Write out the lines below once more, exactly as they appear. Do not include pictures.
——
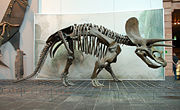 Side view of Triceratops skeleton, Senckenberg Museum.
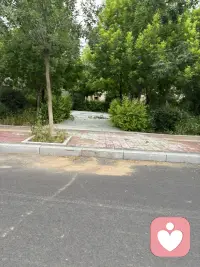 生活就是在平常中享受一切来到你生命里的喜怒哀乐，酸甜苦辣，冷暖自知。配图
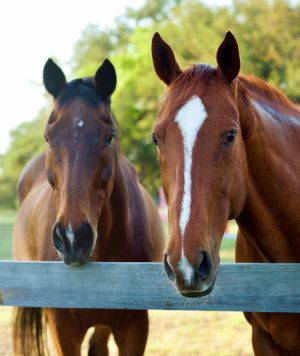 Dos caballos oscuros detrás de una cerca bajo los árboles.
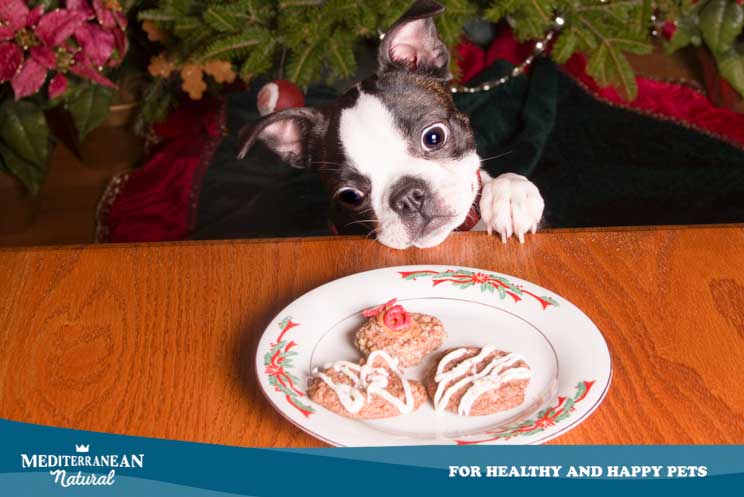 12 consejos de seguridad y bienestar para perros en Navidad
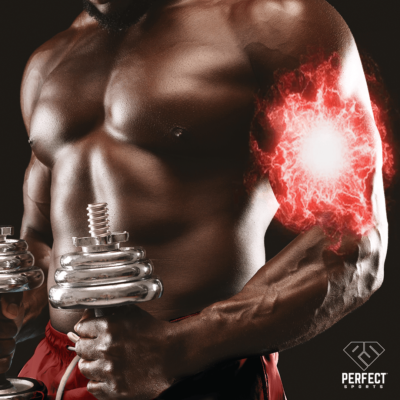 BCAA Muscle Building Jackpot or Just a Fitness Fad Article for PERFECT Sports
——
▶ [Answer to this problem]:
 Side view of Triceratops skeleton, Senckenberg Museum.
 生活就是在平常中享受一切来到你生命里的喜怒哀乐，酸甜苦辣，冷暖自知。配图
 Dos caballos oscuros detrás de una cerca bajo los árboles.
 12 consejos de seguridad y bienestar para perros en Navidad
 BCAA Muscle Building Jackpot or Just a Fitness Fad Article for PERFECT Sports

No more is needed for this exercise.